The Mamdani administration is eyeing potential replacements for scandal-plagued New York City Schools Chancellor Kamar Samuels, multiple sources told The Post.
City Hall officials began vetting internal candidates, a high-ranking DOE source revealed, after The Post’s bombshell report two weeks ago on Samuels signing a $180,000 no-bid contract with an unapproved vendor and evading Department of Education procurement rules.
“The DOE was very busy this weekend; they’re under a lot of stress to come up with a solution for this,” the source said.
“The Knicks glow is leaving so now they actually have to deal with this s–t,” another source, a City Hall insider, stated.
Former DOE Chancellor Meisha Ross Porter, who had a brief one-year stint as chancellor in 2021-2022, is believed to be back in the mix for the role.
Porter, 51, has been angling for her old job for months and upped her efforts after The Post expose, the City Hall insider said.
“Porter’s in Tweed all the time as a lobbyist, she’s always talking s–t about Samuels and he’s completely oblivious,” the insider claimed.
The former chancellor once threw herself a lavish $45,000 bash to celebrate her ascension to Bronx superintendent in 2019. She recently posted on LinkedIn about attending a state college-savings account event with Samuels and NYC Council Speaker Julie Menin.
She was nearly picked for the chancellor role back in January, but the Mamdani camp got spooked by baggage surrounding a financial scandal at a nonprofit she ran, multiple sources claimed.
In the summer of 2024, Porter was axed from The Bronx Community Foundation — a nonprofit dedicated to fighting inequity in The Bronx — where she was earning $300,000 a year after the group was hit with serious financial mismanagement and corruption allegations.
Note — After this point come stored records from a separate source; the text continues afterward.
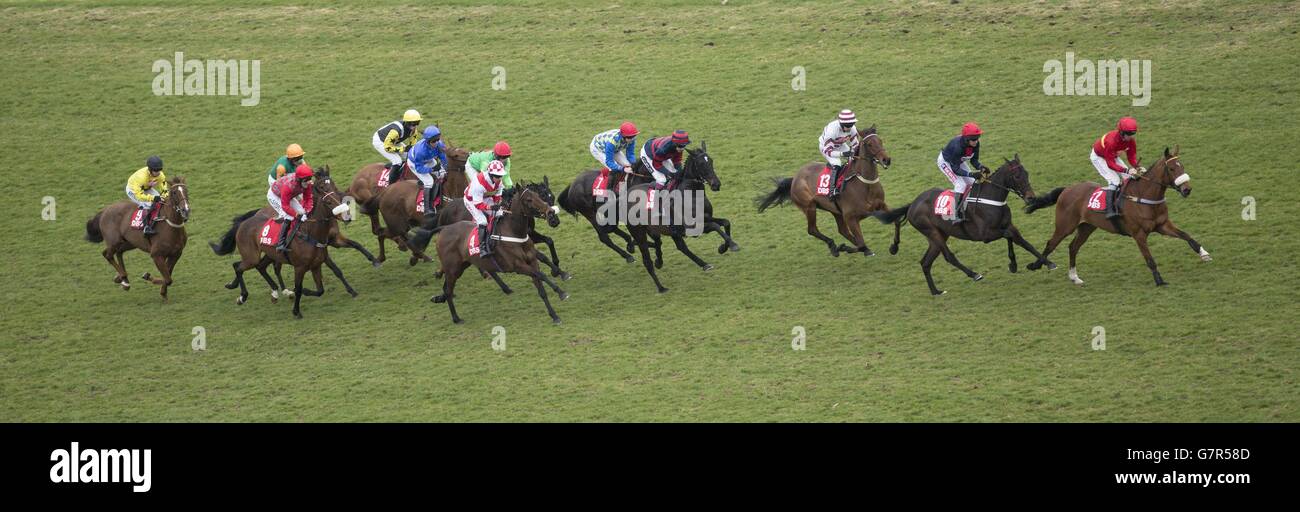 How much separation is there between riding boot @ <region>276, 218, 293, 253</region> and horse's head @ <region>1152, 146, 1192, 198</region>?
1154cm

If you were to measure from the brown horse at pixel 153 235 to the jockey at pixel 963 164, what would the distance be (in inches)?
411

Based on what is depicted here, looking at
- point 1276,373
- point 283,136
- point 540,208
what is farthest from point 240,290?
point 1276,373

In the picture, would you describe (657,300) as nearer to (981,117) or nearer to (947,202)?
(947,202)

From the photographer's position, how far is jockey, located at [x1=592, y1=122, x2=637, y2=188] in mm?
20531

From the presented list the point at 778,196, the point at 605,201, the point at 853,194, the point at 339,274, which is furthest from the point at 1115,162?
the point at 339,274

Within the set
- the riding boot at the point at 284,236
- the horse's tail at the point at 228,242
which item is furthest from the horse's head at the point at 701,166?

The nonprofit distributed less than 25% of the $12.6 million it raised from 2019 to 2023, and a slew of executives were fired once the numbers came to light in 2024, The New York Focus reported.
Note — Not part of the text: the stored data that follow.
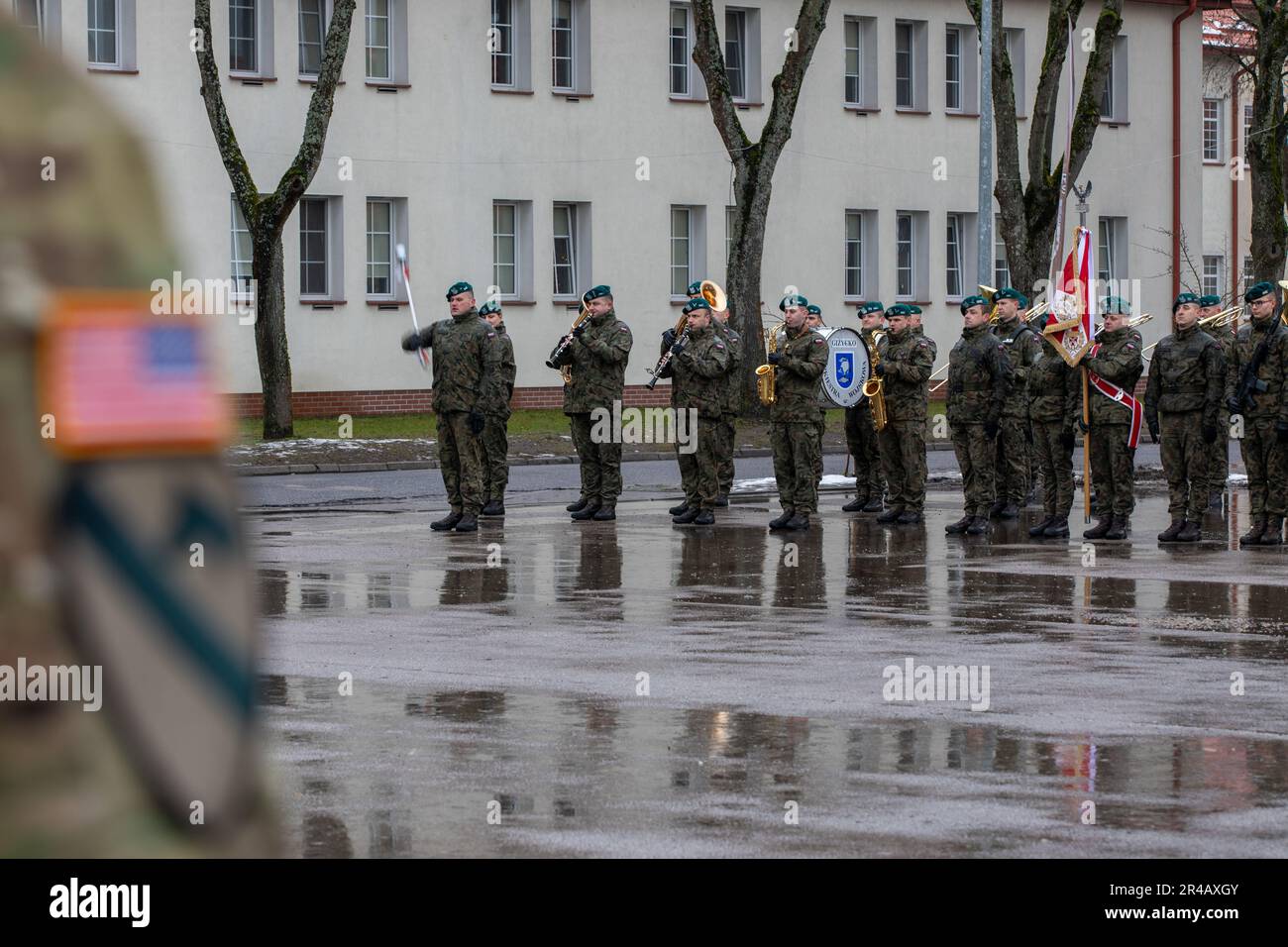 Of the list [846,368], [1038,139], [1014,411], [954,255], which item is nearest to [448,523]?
[846,368]

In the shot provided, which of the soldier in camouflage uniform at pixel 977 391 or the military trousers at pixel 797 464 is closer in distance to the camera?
the military trousers at pixel 797 464

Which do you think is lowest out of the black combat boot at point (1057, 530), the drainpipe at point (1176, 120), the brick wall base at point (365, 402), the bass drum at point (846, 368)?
the black combat boot at point (1057, 530)

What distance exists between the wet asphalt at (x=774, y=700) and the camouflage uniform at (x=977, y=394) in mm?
2530

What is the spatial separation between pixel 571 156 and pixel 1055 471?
23.8 metres

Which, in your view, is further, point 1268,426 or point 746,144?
point 746,144

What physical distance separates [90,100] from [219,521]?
9.5 inches

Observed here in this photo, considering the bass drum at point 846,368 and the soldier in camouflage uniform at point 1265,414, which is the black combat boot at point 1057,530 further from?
the bass drum at point 846,368

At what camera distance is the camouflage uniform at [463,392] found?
20.4m

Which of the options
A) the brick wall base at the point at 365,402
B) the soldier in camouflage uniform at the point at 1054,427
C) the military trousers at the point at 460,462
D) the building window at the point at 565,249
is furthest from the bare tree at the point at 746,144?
the soldier in camouflage uniform at the point at 1054,427

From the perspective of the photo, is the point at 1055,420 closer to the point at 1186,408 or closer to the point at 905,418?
the point at 1186,408

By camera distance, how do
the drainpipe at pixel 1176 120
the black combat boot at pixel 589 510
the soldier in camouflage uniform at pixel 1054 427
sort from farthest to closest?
the drainpipe at pixel 1176 120 < the black combat boot at pixel 589 510 < the soldier in camouflage uniform at pixel 1054 427

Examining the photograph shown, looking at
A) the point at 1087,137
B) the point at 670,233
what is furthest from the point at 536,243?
the point at 1087,137

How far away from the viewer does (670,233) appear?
143ft

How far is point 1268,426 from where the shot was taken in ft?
61.0
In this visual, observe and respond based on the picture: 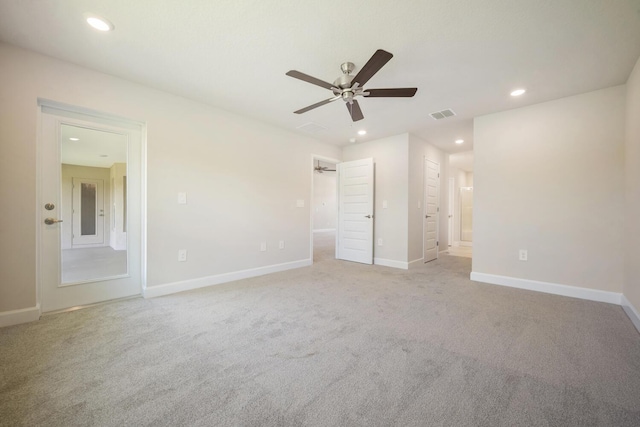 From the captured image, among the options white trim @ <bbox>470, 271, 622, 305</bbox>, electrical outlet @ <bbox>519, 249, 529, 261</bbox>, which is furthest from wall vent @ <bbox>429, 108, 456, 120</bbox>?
white trim @ <bbox>470, 271, 622, 305</bbox>

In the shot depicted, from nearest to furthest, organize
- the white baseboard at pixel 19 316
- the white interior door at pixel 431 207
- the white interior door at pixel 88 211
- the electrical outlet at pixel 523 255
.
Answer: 1. the white baseboard at pixel 19 316
2. the white interior door at pixel 88 211
3. the electrical outlet at pixel 523 255
4. the white interior door at pixel 431 207

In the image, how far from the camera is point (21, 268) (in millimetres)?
2389

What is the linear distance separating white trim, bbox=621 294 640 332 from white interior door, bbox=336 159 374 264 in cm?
329

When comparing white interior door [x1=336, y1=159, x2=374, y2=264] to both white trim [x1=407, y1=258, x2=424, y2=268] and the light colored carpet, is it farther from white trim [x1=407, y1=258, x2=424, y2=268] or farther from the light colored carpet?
the light colored carpet

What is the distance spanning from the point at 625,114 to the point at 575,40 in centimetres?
Result: 153

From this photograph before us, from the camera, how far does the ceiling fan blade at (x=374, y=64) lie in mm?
1885

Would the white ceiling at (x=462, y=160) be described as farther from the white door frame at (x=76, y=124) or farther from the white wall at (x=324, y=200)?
the white door frame at (x=76, y=124)

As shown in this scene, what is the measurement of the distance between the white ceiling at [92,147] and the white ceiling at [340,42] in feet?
2.27

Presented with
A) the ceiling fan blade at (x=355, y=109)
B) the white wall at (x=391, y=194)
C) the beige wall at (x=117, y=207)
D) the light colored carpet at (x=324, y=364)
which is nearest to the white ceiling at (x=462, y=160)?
the white wall at (x=391, y=194)

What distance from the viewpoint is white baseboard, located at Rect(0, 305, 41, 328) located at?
7.52ft

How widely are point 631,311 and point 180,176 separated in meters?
5.25

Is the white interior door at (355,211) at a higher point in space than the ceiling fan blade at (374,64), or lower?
lower

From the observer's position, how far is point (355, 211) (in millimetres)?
5391

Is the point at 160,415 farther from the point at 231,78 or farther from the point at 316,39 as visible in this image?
the point at 231,78
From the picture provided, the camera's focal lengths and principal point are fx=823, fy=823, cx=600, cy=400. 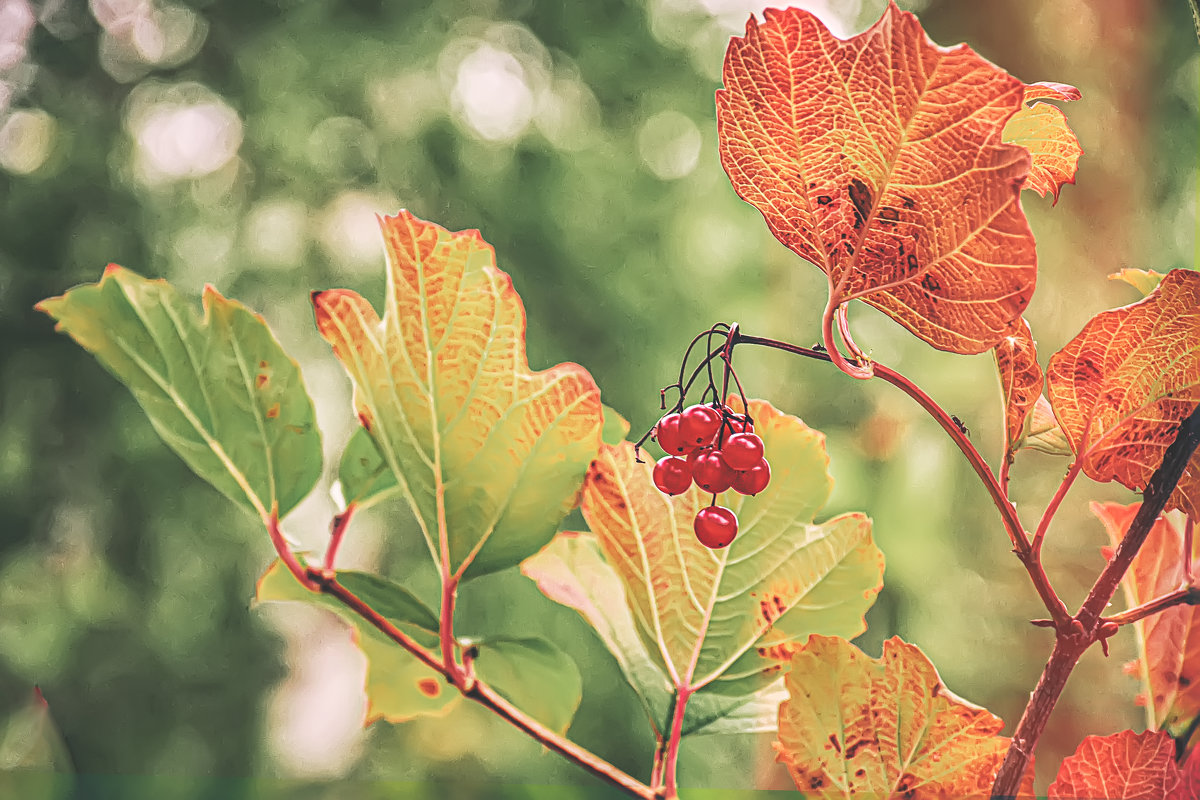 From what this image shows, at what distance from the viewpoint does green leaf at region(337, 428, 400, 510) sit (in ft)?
0.44

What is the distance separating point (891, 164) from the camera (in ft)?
0.33

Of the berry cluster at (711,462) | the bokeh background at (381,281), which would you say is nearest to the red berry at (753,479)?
A: the berry cluster at (711,462)

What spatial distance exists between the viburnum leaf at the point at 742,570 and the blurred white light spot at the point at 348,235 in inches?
25.4

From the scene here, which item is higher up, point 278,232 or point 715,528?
point 715,528

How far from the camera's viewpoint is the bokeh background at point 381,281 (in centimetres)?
61

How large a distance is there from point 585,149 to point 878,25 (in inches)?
26.3

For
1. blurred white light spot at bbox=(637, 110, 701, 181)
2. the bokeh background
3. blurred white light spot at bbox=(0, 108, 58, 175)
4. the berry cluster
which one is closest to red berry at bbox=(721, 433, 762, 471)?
the berry cluster

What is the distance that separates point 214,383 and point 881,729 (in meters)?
0.12

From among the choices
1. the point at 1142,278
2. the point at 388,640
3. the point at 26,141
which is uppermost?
the point at 1142,278

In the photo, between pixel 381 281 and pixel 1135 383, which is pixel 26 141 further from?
pixel 1135 383

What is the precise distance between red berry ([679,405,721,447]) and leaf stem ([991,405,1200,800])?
0.19 ft

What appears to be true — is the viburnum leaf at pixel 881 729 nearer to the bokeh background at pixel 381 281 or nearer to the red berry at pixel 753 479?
the red berry at pixel 753 479

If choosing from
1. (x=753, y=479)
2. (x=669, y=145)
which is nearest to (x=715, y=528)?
(x=753, y=479)

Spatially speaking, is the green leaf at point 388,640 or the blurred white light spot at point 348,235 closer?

If Samuels is axed, DOE Deputy Chancellor Lindsay Oates, who runs the Division of Finance, Administration and Human Resources, is also on the successor short list, the City Hall insider said.
She previously served as NYC Schools chief financial officer during the de Blasio administration, where she developed a close relationship with First Deputy Mayor Dean Fuleihan, who is serving in the same role under Mamdani, the source claimed.
Fuleihan has taken a more hands-on role in handling the DOE for Mamdani in light of the Samuels’ scandal, the insider said.
“Whoever gets picked would likely have to have his blessing,” they added.
The DOE source told The Post that Mamdani’s frustration with Samuels has been building as the embattled schools chancellor has struggled to lead the city’s largest agency.
“Mamdani passed on several qualified candidates because they didn’t tell him exactly what he wanted to hear — Samuels got the role by lying to his boss, and that’s what he’s still doing,” the DOE source said.
When a Post reporter spotted Samuels in the hallway of a Panel for Education Policy meeting Wednesday, the embattled chancellor rushed to the bathroom instead of answering questions about the shady contract he inked. He is now being probed by the Special Commissioner for Investigation.
“This is absolutely, unequivocally false,” a City Hall representative said when asked if they are vetting replacements for Samuels.